Biological methods have been also introduced, where activated sludge is circulated through the side biological reactor with very different environment such as anoxic (CannibalTM, Siemens), anaerobic (Chon, 2010) ), thermophilic (S-TE, Kobelco Eco-solutions) conditions. A good portion of activated sludge die off in the side reactors due to the dramatic environment change and converted to the already adapted species. When the mixed liquor adopted in the side reactor is recycled back to the aeration tank, bacterial population again changes back to original. While the microbial population transforms back and forth repeatedly, biomass can reduce. However, there are some observations and reports that argues about the long-term efficacy of the biological methods (EPA 600/S2-90/037). Perhaps the microbial population is eventually dominated by a group of microorganisms that can grow in the two extreme conditions so that the biosolids reduction fades out over time, but little has been known about the inconsistent biosolids reduction performance of such processes. In addition to the chemical, physical, and biological methods, there exist hybrid processes such as AFC (PMC Biotech), Biothelys (Veolia), CrownTM(Biogest), thermochemical process (Banu, 2011)etc.
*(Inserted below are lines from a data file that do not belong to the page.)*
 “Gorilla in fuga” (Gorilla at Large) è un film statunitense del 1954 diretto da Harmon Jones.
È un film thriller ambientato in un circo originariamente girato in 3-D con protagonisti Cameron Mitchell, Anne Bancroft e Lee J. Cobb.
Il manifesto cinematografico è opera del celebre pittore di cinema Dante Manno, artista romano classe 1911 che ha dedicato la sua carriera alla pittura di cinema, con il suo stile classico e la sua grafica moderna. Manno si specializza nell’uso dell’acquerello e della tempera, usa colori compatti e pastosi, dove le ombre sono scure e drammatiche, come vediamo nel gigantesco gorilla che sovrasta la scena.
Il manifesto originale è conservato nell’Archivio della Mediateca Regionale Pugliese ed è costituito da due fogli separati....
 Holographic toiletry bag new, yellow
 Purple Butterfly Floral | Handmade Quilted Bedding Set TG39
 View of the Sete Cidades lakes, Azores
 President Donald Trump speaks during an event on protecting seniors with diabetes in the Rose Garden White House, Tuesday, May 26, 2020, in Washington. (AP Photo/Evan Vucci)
Fig. 1. Principle of biosolids reduction by partial sludge disintegration and the recycle to aeration tank (Yoon, 2003)
Factors affecting economics
As an indicator of the efficiency of sludge reduction process, sludge disintegration number (SDN) was introduced. It was defined as the ratio of the amount of treated to the amount reduced (Yoon, 2003). Based on the initial studies performed with ozone, SDN was approximately 3 when ozone dose was 0.05 g O3/g MLSS each time mixed liquor was treated (Yasui, 1996; Sakai, 1997). As a result, the specific ozone demand to reduce sludge was around 0.15 g O3/g MLSS removed. In the same study performed in an activated sludge plant with a clarifier, no excess biosolids was removed from the system for almost a year. This observation suggested that ozone converted non-biodegradable matters to biodegradable so that non-biodegradable matters did not accumulate indefinitely.
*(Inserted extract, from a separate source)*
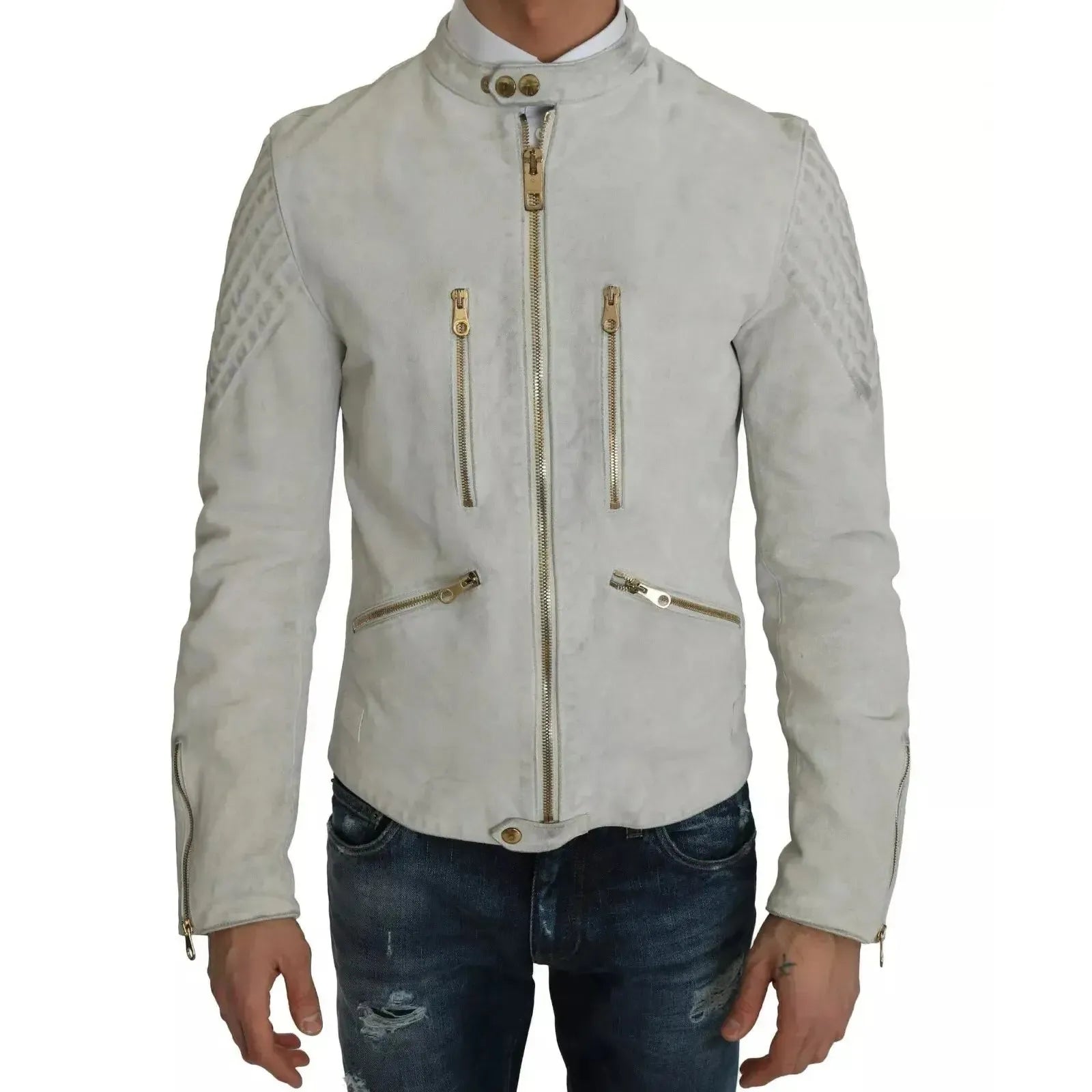 Dolce &amp; Gabbana Leather White Biker Motorcycle Jacket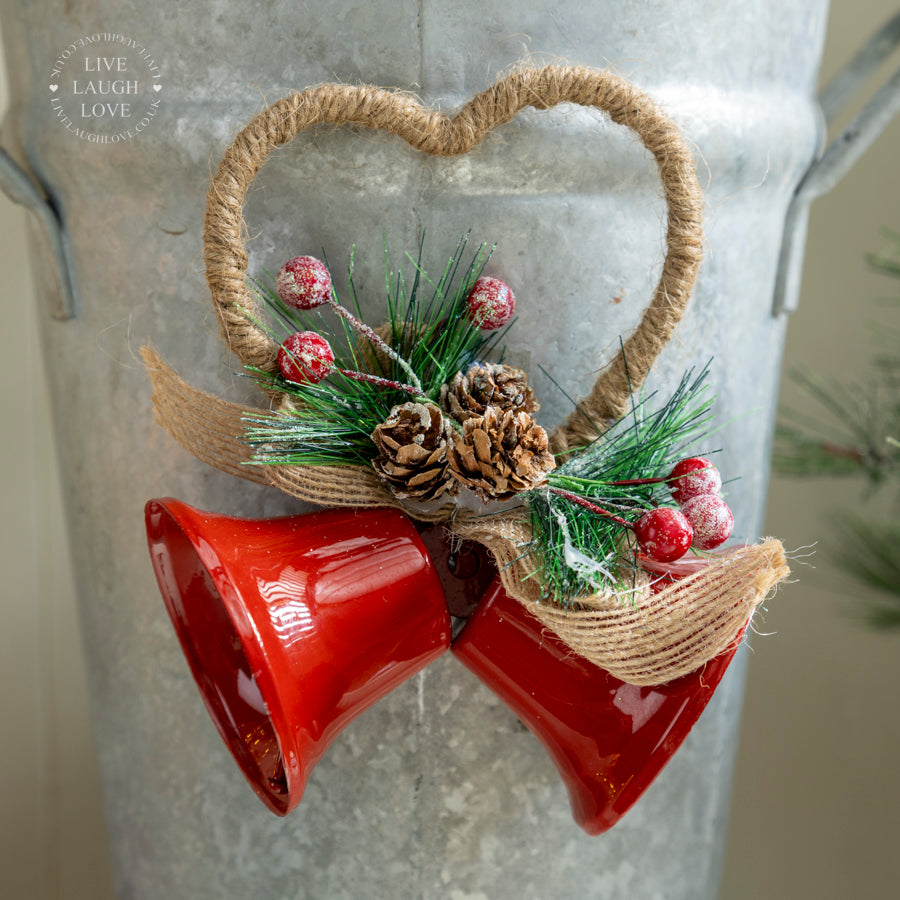 Rustic Red Bell Hanging Decoration with Pine and Burlap Bow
There are two major factors affecting the economics of biosolids reduction.
- Cost of sludge disintegration – The capital and operating costs of sludge disintegration process vary widely depending on the method of sludge disintegration. Biosolids reduction using biological methods such as anoxic, anaerobic, or themophilic reactors are less costly than chemical or physical methods, but according to some reports the efficacy is fuzzier than chemical and physical methods.
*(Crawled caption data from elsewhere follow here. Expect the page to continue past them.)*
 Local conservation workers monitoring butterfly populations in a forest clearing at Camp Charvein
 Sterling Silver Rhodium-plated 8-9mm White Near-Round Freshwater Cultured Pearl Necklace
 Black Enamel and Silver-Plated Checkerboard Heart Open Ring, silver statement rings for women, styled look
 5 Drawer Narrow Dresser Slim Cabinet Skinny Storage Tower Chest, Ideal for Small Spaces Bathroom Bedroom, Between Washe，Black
- Extent of target biosolids reduction – Cost of biosolids reduction increases disproportionally when the target biosolids reduction increases. For example, targeting 30-50% biosolids reduction is much more economical than targeting 70-90%. It is because sludge disintegration process becomes less efficient when complete disintegration (or solubilization) is targeted. In addition, the disintegrated sludge sent to aeration tank can come back to the disintegration process before biologically treated.